Hire someone! Or, God forbid, do the work yourself!
I am knitting my first ever sweater right now, and the pattern I am following has a much different gauge measurement than me. I know this thing is going to turn out with the world's weirdest measurements and very obviously fit me poorly. But I am doing the labour myself. Not only do I get joy in the process, I will be proud of the end product and get to show it to people as something that came from my hands. This ugly sweater will not come from a network of servers that simultaneously drives up computer part prices, plagiarizes the work of real artists, and does measurable damage to the environment.
This sweater is only a quarter complete. I have been working on it for a year. Granted, I took a 10 month break, but making a knit sweater by hand will never approach the manufacturing speed of a machine knit sweater. No one could afford the labour I have poured into this horrible little garment, nor would they want to. What if the design is no longer trendy when it's done? The colours out of season? SHEIN is selling them a more stylish sweater at the cost of a single ball of yarn. Whether that sweater survives until next winter is not even a question worth asking, because there will be more cheap sweaters to come.
To me, AI is accelerating an existing problem where patience is in decline and skillful labour feels as if it is shaking out a death rattle. I know there will always be a niche that craftsmanship can occupy, but working class people have been squeezed of their ability to engage meaningfully with craft. A family can't afford a dinner table and chair set from a carpenter. Even on the public scale, buildings don't have carved facades or inlaid stonework as often as they used to.
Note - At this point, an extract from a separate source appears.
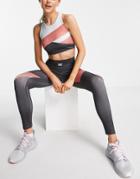 Hiit Color Block Legging In Gray And Pink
I want to value craftsmanship and labour in my life more. My ugly homemade sweater will be one of many projects that I will value. I make custom bookmarks for my reading, I paint my nails myself, one day I will finish my Ibérico magazine, and the two times a year I think of it, I update this website. I want to be happy with the items I have as well as the time that went into making them.
Over my Christmas break I think I will hammer out a detailed list of New Year's Resolutions for increasing the amount of labour I put into my life, as well as the community. The way labour shapes a community is a diary entry for another day.